Direkt bei Kilometer 8 geht es nun in die SAP-Arena. Über eine Rampe laufe ich hinein. Es ist dunkel, laute Musik dröhnt und Lichter blinken. Meine Augen brauchen ein paar Sekunden, bis sie sich daran gewöhnen. Die Zuschauerränge sind sehr spärlich besucht. Meine Frau und meine Kinder kann ich jedoch nicht entdecken, obwohl sie da sind. Unglücklicherweise befindet sich direkt in der Arena eine Wechselstation der Staffelläufer. Ich muss aufpassen, dass ich auf niemanden auflaufe. Nach wenigen Sekunden ist der Spuk auch schon wieder vorbei. Ok, die Musik und die Lichter in der abgedunkelten Arena haben mich schon etwas gepuscht, aber dafür war der neue Streckenabschnitt dorthin recht unattraktiv.
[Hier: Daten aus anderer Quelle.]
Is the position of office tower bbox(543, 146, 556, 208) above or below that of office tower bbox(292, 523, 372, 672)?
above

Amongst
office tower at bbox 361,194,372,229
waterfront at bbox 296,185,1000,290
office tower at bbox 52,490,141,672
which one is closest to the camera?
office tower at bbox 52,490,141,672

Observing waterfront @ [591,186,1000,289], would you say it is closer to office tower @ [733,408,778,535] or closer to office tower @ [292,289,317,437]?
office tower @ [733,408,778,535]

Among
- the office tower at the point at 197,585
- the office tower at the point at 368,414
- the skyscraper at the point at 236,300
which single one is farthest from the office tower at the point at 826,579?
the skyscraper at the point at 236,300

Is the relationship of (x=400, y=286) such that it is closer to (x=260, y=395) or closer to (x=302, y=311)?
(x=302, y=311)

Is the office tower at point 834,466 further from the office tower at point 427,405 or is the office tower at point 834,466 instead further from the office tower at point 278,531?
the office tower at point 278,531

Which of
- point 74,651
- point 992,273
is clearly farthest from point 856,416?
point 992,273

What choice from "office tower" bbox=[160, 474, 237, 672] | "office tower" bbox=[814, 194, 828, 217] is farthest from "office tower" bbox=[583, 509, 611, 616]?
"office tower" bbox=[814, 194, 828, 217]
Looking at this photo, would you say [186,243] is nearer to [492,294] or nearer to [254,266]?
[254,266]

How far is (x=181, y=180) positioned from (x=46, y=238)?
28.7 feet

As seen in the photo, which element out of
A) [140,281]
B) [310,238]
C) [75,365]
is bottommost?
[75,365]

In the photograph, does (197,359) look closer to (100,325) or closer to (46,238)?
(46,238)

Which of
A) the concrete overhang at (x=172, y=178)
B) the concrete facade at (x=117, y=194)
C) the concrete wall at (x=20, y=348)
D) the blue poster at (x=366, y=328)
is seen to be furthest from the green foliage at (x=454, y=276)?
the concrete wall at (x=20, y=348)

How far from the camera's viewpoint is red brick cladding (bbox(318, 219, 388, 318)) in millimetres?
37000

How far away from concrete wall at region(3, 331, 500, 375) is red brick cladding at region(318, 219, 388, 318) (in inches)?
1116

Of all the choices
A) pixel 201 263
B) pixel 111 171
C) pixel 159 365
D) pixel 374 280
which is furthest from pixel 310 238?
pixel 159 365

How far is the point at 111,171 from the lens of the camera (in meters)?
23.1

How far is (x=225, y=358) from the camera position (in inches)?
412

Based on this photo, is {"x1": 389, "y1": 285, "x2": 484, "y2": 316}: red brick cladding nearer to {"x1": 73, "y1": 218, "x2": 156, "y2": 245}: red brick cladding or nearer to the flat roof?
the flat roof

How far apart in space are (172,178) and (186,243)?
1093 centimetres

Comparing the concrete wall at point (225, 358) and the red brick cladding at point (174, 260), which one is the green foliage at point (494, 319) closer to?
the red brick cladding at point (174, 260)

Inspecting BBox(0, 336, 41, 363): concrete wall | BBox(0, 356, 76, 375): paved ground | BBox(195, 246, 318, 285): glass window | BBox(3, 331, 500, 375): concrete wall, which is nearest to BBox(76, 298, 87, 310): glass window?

Ich laufe aus der SAP-Arena raus und für einen kurzen Moment bin ich wieder etwas optimistisch. Doch bereits nach wenigen hundert Metern holt mich die Realität ein. Die Oberschenkel werden immer mehr müde und schwer. Ein weiterer welliger Feldwegabschnitt und eine Autobahnbrücke sind in einer solchen Situation nicht gerade förderlich. Es geht dafür endlich nach Seckenheim, wo ich mich auf die tolle Stimmung freue. Leider ist dieser Part dieser Jahr etwas kürzer, was ich sehr schade finde. Hinzu kommt eine kleine, aber ausbremsende Schleife am Ortseingang. Doch der Actionpoint kurz vor der nächsten Wechselstelle ist einfach gigantisch. Danke Seckenheim für dieses Gänsehautgefühl! Dennoch werden meine Kilometerzeiten immer langsamer.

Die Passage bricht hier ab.